> [Exercise aim]: Within the records that follow, determine how many lines include the word "PARTS". State the number and nothing further.
----
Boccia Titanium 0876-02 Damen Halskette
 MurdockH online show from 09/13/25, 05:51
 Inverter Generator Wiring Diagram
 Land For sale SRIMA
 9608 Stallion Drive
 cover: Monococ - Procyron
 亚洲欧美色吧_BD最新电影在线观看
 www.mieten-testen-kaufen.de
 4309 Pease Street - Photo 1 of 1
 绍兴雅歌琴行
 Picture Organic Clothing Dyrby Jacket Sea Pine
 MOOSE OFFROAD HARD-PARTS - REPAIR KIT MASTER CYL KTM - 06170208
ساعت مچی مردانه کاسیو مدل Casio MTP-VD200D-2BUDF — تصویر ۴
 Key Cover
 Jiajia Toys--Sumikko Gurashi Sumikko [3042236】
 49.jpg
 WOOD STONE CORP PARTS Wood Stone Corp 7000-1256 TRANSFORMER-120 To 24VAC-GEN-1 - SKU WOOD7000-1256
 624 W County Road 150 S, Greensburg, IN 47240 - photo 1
----
> [Exercise solution]: 2